Instructions to follow: The task calls for every line of the data to be retyped exactly.
--------------------
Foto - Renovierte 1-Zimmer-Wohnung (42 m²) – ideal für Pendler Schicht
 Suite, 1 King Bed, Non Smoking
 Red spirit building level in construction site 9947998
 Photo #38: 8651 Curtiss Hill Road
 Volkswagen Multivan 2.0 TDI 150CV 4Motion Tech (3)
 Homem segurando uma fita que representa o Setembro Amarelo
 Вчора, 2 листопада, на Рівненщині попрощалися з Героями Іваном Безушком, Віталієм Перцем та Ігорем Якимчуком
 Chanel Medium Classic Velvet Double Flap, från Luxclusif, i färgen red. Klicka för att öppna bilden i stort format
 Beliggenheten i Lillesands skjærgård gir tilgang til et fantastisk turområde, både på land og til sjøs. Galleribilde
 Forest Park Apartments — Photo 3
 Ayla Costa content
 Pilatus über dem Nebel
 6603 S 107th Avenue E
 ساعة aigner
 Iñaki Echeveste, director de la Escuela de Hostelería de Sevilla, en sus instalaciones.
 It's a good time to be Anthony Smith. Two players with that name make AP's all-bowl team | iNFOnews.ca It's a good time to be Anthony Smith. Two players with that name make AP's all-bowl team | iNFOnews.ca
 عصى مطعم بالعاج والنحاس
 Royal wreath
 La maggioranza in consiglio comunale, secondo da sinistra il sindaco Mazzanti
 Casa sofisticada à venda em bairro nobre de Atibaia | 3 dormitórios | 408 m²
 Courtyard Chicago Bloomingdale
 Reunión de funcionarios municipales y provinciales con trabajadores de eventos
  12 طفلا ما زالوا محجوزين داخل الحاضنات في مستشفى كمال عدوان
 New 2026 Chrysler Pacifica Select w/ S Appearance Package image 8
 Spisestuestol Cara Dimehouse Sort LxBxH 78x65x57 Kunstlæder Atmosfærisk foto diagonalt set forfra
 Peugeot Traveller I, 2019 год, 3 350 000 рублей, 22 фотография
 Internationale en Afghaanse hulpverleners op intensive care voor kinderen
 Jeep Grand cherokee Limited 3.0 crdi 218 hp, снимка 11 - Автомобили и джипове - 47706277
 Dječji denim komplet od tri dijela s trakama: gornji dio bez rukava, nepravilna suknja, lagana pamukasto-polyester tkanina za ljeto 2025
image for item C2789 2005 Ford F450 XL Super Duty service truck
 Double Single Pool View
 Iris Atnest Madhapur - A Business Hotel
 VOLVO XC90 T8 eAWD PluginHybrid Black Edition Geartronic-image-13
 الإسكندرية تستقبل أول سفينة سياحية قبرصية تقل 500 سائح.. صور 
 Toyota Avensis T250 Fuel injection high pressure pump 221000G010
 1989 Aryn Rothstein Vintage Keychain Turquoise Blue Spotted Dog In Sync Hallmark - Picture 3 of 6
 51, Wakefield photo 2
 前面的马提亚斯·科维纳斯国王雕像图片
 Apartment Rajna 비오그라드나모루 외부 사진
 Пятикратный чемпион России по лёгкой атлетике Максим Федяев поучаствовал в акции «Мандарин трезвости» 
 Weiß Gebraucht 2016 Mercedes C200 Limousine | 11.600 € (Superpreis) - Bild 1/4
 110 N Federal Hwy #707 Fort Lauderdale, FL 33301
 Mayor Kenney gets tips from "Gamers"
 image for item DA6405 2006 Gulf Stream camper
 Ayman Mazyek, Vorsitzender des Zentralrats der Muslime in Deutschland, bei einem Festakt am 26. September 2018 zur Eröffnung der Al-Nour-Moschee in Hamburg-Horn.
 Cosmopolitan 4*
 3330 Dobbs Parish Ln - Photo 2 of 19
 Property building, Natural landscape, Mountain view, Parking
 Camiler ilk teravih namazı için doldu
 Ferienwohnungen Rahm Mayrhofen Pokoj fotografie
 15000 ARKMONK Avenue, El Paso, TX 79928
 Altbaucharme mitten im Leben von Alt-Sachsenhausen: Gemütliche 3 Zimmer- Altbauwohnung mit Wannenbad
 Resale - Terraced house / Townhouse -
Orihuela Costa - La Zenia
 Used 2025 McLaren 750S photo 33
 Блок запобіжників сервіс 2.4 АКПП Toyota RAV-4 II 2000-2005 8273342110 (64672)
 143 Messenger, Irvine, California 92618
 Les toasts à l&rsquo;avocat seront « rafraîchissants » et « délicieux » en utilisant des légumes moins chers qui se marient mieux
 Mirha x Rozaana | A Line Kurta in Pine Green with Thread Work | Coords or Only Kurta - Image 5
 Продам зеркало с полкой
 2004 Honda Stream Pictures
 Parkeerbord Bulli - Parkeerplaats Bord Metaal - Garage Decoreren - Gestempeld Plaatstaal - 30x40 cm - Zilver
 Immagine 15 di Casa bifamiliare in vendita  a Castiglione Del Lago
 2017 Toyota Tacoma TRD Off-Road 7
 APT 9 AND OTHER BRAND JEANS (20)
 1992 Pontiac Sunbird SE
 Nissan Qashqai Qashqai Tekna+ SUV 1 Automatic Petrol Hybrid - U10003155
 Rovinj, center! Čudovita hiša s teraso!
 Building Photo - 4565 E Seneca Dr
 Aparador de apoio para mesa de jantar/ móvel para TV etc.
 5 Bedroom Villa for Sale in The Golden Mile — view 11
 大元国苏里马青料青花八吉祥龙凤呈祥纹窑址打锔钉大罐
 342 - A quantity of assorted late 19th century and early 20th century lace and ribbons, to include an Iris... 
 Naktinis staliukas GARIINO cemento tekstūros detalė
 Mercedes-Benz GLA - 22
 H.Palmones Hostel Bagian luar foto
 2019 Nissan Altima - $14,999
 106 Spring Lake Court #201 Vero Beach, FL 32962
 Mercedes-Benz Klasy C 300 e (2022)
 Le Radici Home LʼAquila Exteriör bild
--------------------
Written solution:
Foto - Renovierte 1-Zimmer-Wohnung (42 m²) – ideal für Pendler Schicht
 Suite, 1 King Bed, Non Smoking
 Red spirit building level in construction site 9947998
 Photo #38: 8651 Curtiss Hill Road
 Volkswagen Multivan 2.0 TDI 150CV 4Motion Tech (3)
 Homem segurando uma fita que representa o Setembro Amarelo
 Вчора, 2 листопада, на Рівненщині попрощалися з Героями Іваном Безушком, Віталієм Перцем та Ігорем Якимчуком
 Chanel Medium Classic Velvet Double Flap, från Luxclusif, i färgen red. Klicka för att öppna bilden i stort format
 Beliggenheten i Lillesands skjærgård gir tilgang til et fantastisk turområde, både på land og til sjøs. Galleribilde
 Forest Park Apartments — Photo 3
 Ayla Costa content
 Pilatus über dem Nebel
 6603 S 107th Avenue E
 ساعة aigner
 Iñaki Echeveste, director de la Escuela de Hostelería de Sevilla, en sus instalaciones.
 It's a good time to be Anthony Smith. Two players with that name make AP's all-bowl team | iNFOnews.ca It's a good time to be Anthony Smith. Two players with that name make AP's all-bowl team | iNFOnews.ca
 عصى مطعم بالعاج والنحاس
 Royal wreath
 La maggioranza in consiglio comunale, secondo da sinistra il sindaco Mazzanti
 Casa sofisticada à venda em bairro nobre de Atibaia | 3 dormitórios | 408 m²
 Courtyard Chicago Bloomingdale
 Reunión de funcionarios municipales y provinciales con trabajadores de eventos
  12 طفلا ما زالوا محجوزين داخل الحاضنات في مستشفى كمال عدوان
 New 2026 Chrysler Pacifica Select w/ S Appearance Package image 8
 Spisestuestol Cara Dimehouse Sort LxBxH 78x65x57 Kunstlæder Atmosfærisk foto diagonalt set forfra
 Peugeot Traveller I, 2019 год, 3 350 000 рублей, 22 фотография
 Internationale en Afghaanse hulpverleners op intensive care voor kinderen
 Jeep Grand cherokee Limited 3.0 crdi 218 hp, снимка 11 - Автомобили и джипове - 47706277
 Dječji denim komplet od tri dijela s trakama: gornji dio bez rukava, nepravilna suknja, lagana pamukasto-polyester tkanina za ljeto 2025
image for item C2789 2005 Ford F450 XL Super Duty service truck
 Double Single Pool View
 Iris Atnest Madhapur - A Business Hotel
 VOLVO XC90 T8 eAWD PluginHybrid Black Edition Geartronic-image-13
 الإسكندرية تستقبل أول سفينة سياحية قبرصية تقل 500 سائح.. صور 
 Toyota Avensis T250 Fuel injection high pressure pump 221000G010
 1989 Aryn Rothstein Vintage Keychain Turquoise Blue Spotted Dog In Sync Hallmark - Picture 3 of 6
 51, Wakefield photo 2
 前面的马提亚斯·科维纳斯国王雕像图片
 Apartment Rajna 비오그라드나모루 외부 사진
 Пятикратный чемпион России по лёгкой атлетике Максим Федяев поучаствовал в акции «Мандарин трезвости» 
 Weiß Gebraucht 2016 Mercedes C200 Limousine | 11.600 € (Superpreis) - Bild 1/4
 110 N Federal Hwy #707 Fort Lauderdale, FL 33301
 Mayor Kenney gets tips from "Gamers"
 image for item DA6405 2006 Gulf Stream camper
 Ayman Mazyek, Vorsitzender des Zentralrats der Muslime in Deutschland, bei einem Festakt am 26. September 2018 zur Eröffnung der Al-Nour-Moschee in Hamburg-Horn.
 Cosmopolitan 4*
 3330 Dobbs Parish Ln - Photo 2 of 19
 Property building, Natural landscape, Mountain view, Parking
 Camiler ilk teravih namazı için doldu
 Ferienwohnungen Rahm Mayrhofen Pokoj fotografie
 15000 ARKMONK Avenue, El Paso, TX 79928
 Altbaucharme mitten im Leben von Alt-Sachsenhausen: Gemütliche 3 Zimmer- Altbauwohnung mit Wannenbad
 Resale - Terraced house / Townhouse -
Orihuela Costa - La Zenia
 Used 2025 McLaren 750S photo 33
 Блок запобіжників сервіс 2.4 АКПП Toyota RAV-4 II 2000-2005 8273342110 (64672)
 143 Messenger, Irvine, California 92618
 Les toasts à l&rsquo;avocat seront « rafraîchissants » et « délicieux » en utilisant des légumes moins chers qui se marient mieux
 Mirha x Rozaana | A Line Kurta in Pine Green with Thread Work | Coords or Only Kurta - Image 5
 Продам зеркало с полкой
 2004 Honda Stream Pictures
 Parkeerbord Bulli - Parkeerplaats Bord Metaal - Garage Decoreren - Gestempeld Plaatstaal - 30x40 cm - Zilver
 Immagine 15 di Casa bifamiliare in vendita  a Castiglione Del Lago
 2017 Toyota Tacoma TRD Off-Road 7
 APT 9 AND OTHER BRAND JEANS (20)
 1992 Pontiac Sunbird SE
 Nissan Qashqai Qashqai Tekna+ SUV 1 Automatic Petrol Hybrid - U10003155
 Rovinj, center! Čudovita hiša s teraso!
 Building Photo - 4565 E Seneca Dr
 Aparador de apoio para mesa de jantar/ móvel para TV etc.
 5 Bedroom Villa for Sale in The Golden Mile — view 11
 大元国苏里马青料青花八吉祥龙凤呈祥纹窑址打锔钉大罐
 342 - A quantity of assorted late 19th century and early 20th century lace and ribbons, to include an Iris... 
 Naktinis staliukas GARIINO cemento tekstūros detalė
 Mercedes-Benz GLA - 22
 H.Palmones Hostel Bagian luar foto
 2019 Nissan Altima - $14,999
 106 Spring Lake Court #201 Vero Beach, FL 32962
 Mercedes-Benz Klasy C 300 e (2022)
 Le Radici Home LʼAquila Exteriör bild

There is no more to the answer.